Na prática, o BCE vai comprar divida alemã no montante de 302 mil milhões e dívida francesa no montante de 223.3 mil milhões e também um pouco de divida dos outros países, conseguindo com isso uma medida objectivamente politica, porque está a ajudar os países mais fracos, mas não tanto quanto pensam os respectivos governos.

A divida grega representa 175% do PIB ou seja 421 mil milhões de euros. Se se comparar este número com o anunciado programa de QE Europeu  que é de 1100 mil milhões em 2 anos, percebemos melhor a dimensão do problema de divida. Ora, o que está previsto poder ser comprado de divida Grega neste programa, são cerca de 20 mil milhões.
A Grécia precisa de se financiar para poder pagar os juros da sua divida. Que crescimento se deve esperar para que possa  sair desta situação? O problema não está só na possibilidade de haver um novo perdão de divida (já recebeu o maior da história). O problema está no anúncio do fim da austeridade, porque isso implica voltar a gastar para além das possibilidades do país, e para gastar é preciso que haja dinheiro que, justamente, não existe.

Jean Monnet dizia: as pessoas só aceitam alterações quando são confrontadas com a necessidade, e só assumem a necessidade quando confrontadas com uma crise.
A ironia desta declaração de Jean Monnet é que esta crise  causada por excesso de divida está a tentar ser resolvida com mais divida, o que vai obrigar os contribuintes a sentirem a necessidade de alterações. Na Europa, a primeira medida tomada foi a criação do European Financial Stability Fund (EFSF), com 1 trilião de euros, mas, paradoxalmente, sem nenhum capital. Um fundo criado só com divida, garantido por países que já estavam em excesso de divida. Apesar de, num só ano, este fundo ver o seu rating baixar, apesar de o fundo utilizar ‘’credit default swaps’’ (os produtos que deram inicio à crise de 2008), para garantir uma percentagem da divida dos países soberanos, o facto é, que apesar de não resolver a crise utilizando estas medidas, 4 anos depois, a Europa não colapsou e o sistema financeiro ainda está a funcionar, mas sempre preso por um fio.

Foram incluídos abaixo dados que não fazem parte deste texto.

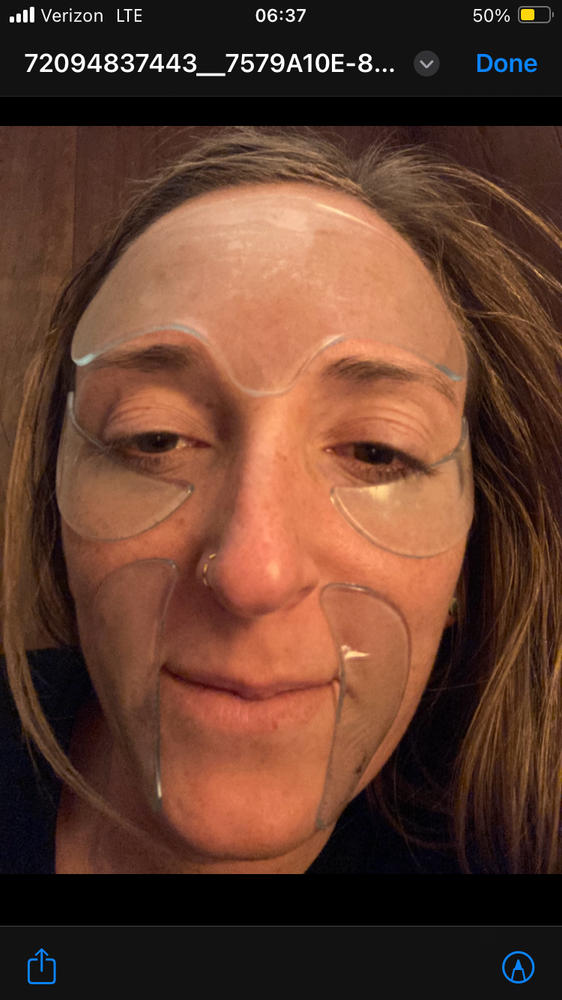 SILICONEFUSION™ Face Patches Kit - Customer Photo From Andrea L Blackwell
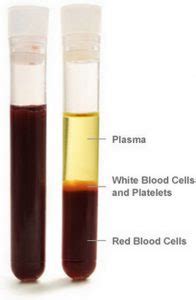 Difference between Serum and Plasma - Laboratoryinfo.com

O European Stability Mechanism (ESM) foi criado em Setembro de 2012 com 80.000 milhões de capital fornecido por todos os países do euro (Portugal, Grécia, Irlanda , Espanha e Itália incluídos como se pode ver no quadro abaixo). A intenção é permitir a alavancagem do fundo com emissão de divida baseada no capital constituído. A Grécia deve cerca de 300.000 milhões dos quais 200.000 milhões o são a instituições Europeias como o EFSF e o European Stability Mechanism (ESM) entidades estruturadas com base em garantias dos países membros e claro ao BCE. Apesar de se falar muito da Alemanha como sendo o grande garante, 50% das garantias estão entre a França a Espanha e a Itália. Um incumprimento representaria mais um aumento das responsabilidades destes e de todos os outros países europeus. Por falar em Espanha haverá que recordar que o BCE obrigou a Espanha a pedir auxílio ao EFSF em Agosto de 2012 apesar de ter dito que só compraria divida espanhola no mercado se a Espanha pedisse auxilio ao fundo.  Enquanto discutimos sempre o momento, o imediato esquecemo-nos do intricado da situação com as medidas já tomadas.

 

 

A situação americana é diferente. Os Estados Unidos cobram impostos em dólares, gastam em dólares e pedem empréstimos em dólares, mas ao contrário da Grécia, por exemplo, que faz o mesmo em euros, têm a prerrogativa de também imprimirem os dólares enquanto a Grécia não pode imprimir euros. Mas a situação americana é ainda diferente pelo facto de ser a moeda de reserva mundial o que faz com que a finança global seja totalmente dominada pelos Estados Unidos e pelo dólar americano. O que quer isto dizer? Que uma qualquer transacção de petróleo entre o Brasil e o Vietnam tem que ser liquidada em dólares. Que a negociação de um contrato de alumínio negociado em Londres é liquidado em dólares. Que a venda de aviões Airbus entre a França e Portugal é liquidada em dólares.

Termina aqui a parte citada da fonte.